## YOUR GOAL
Print the records below exactly, and do not carry over any picture.

*** Block opens ***

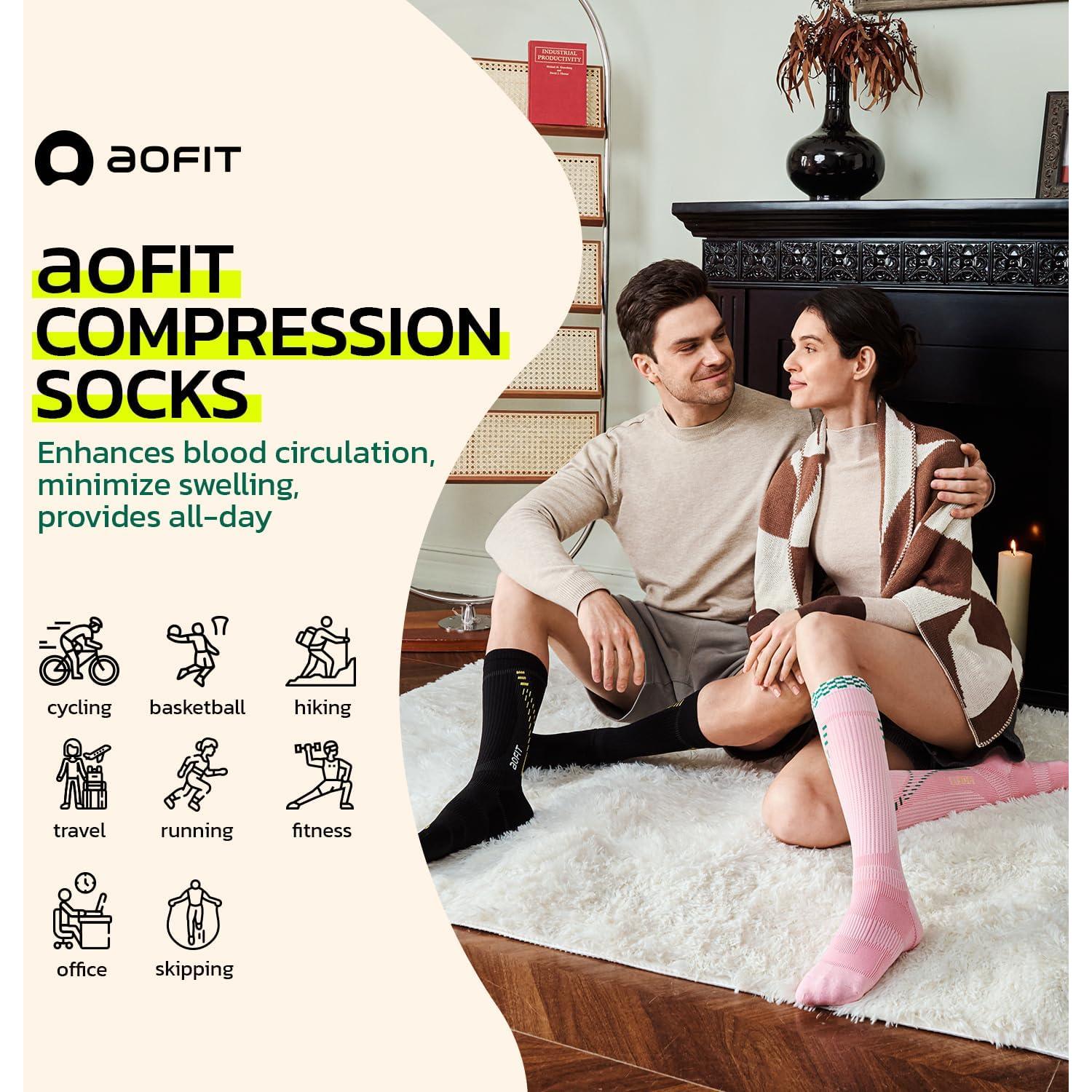 Calcetines de Compresión aoFIT para Mujeres 15-20 mmHg Rosa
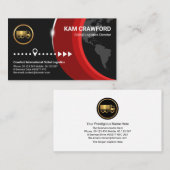 Red Global Layers Silver Horizon Import Export Visitekaartje (Voorkant / Achterkant)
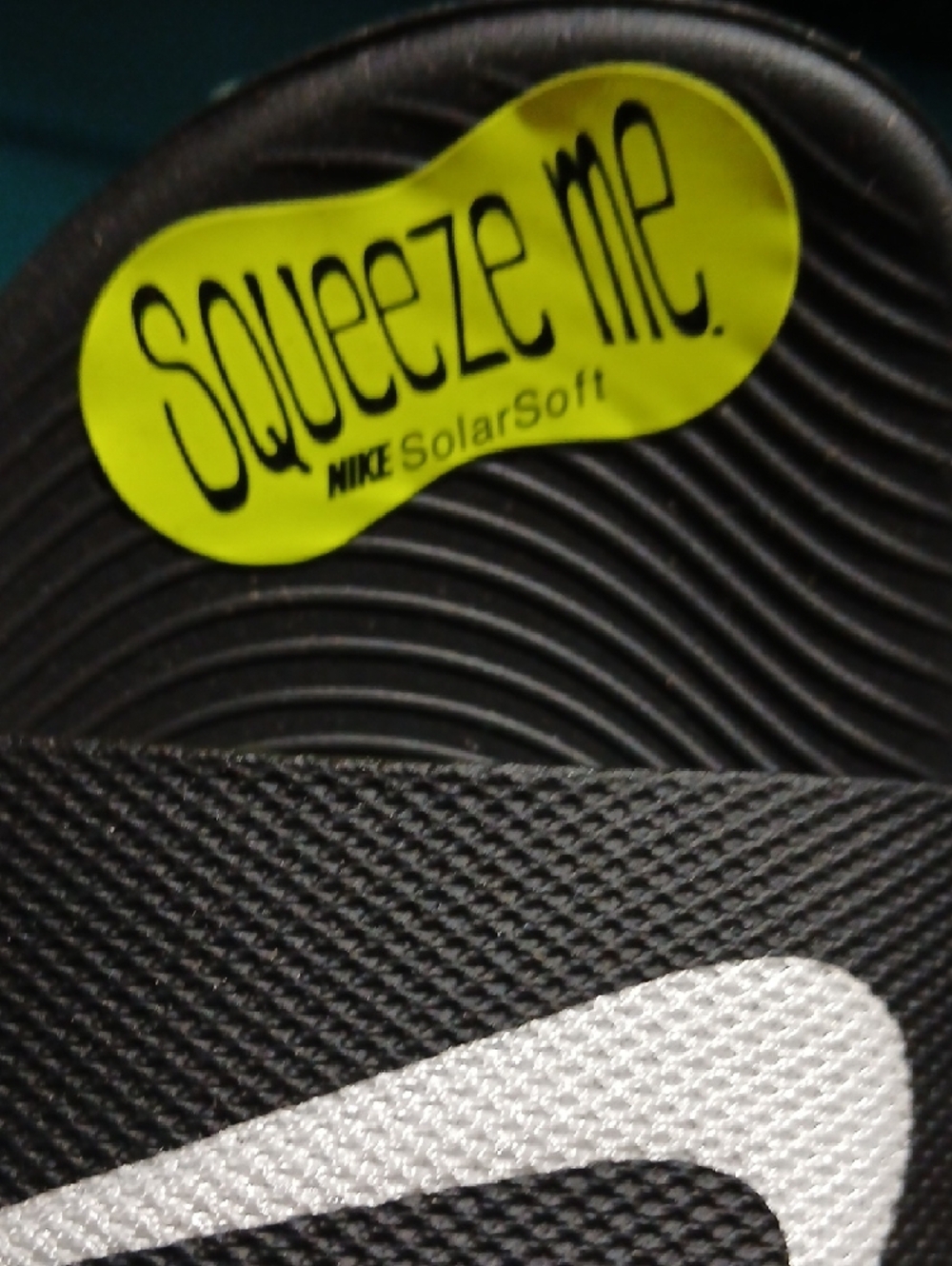 Nike Black Slides with White Swoosh - Picture 5 of 7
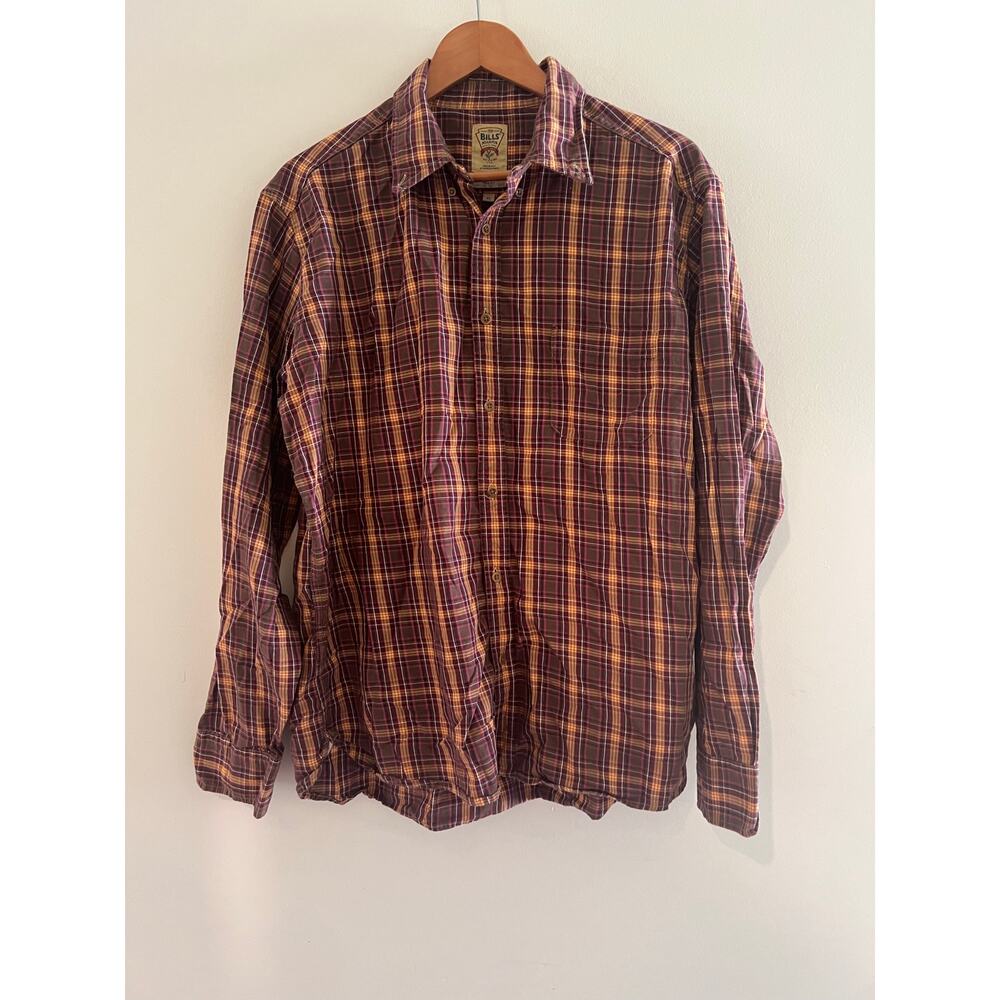 Vintage Bill's Khakis Trim Fit Casual Flannel Button Down 100% Cotton Size XL JL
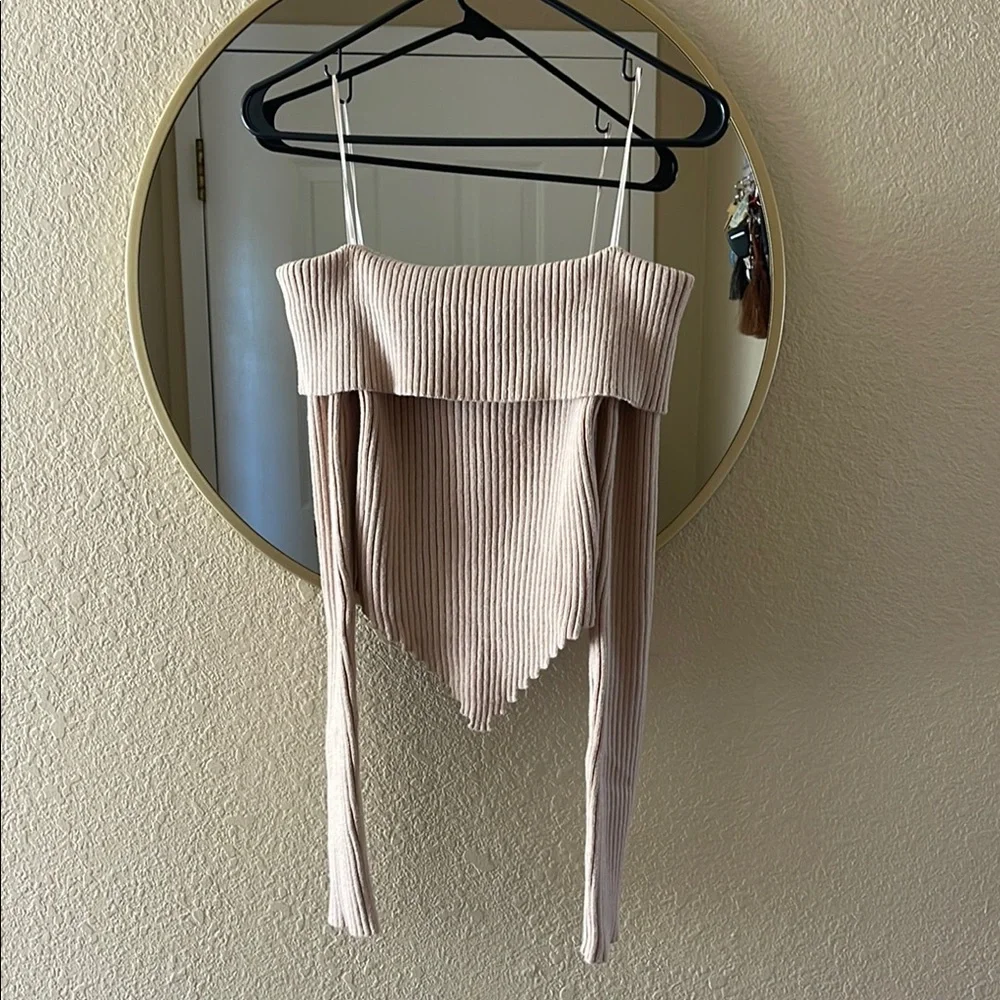 Stylish Ribbed Off-Shoulder Top - Picture 1 of 1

*** Block closes ***

## OUTPUT FOR THIS EXERCISE
 Calcetines de Compresión aoFIT para Mujeres 15-20 mmHg Rosa
 Red Global Layers Silver Horizon Import Export Visitekaartje (Voorkant / Achterkant)
 Nike Black Slides with White Swoosh - Picture 5 of 7
 Vintage Bill's Khakis Trim Fit Casual Flannel Button Down 100% Cotton Size XL JL
 Stylish Ribbed Off-Shoulder Top - Picture 1 of 1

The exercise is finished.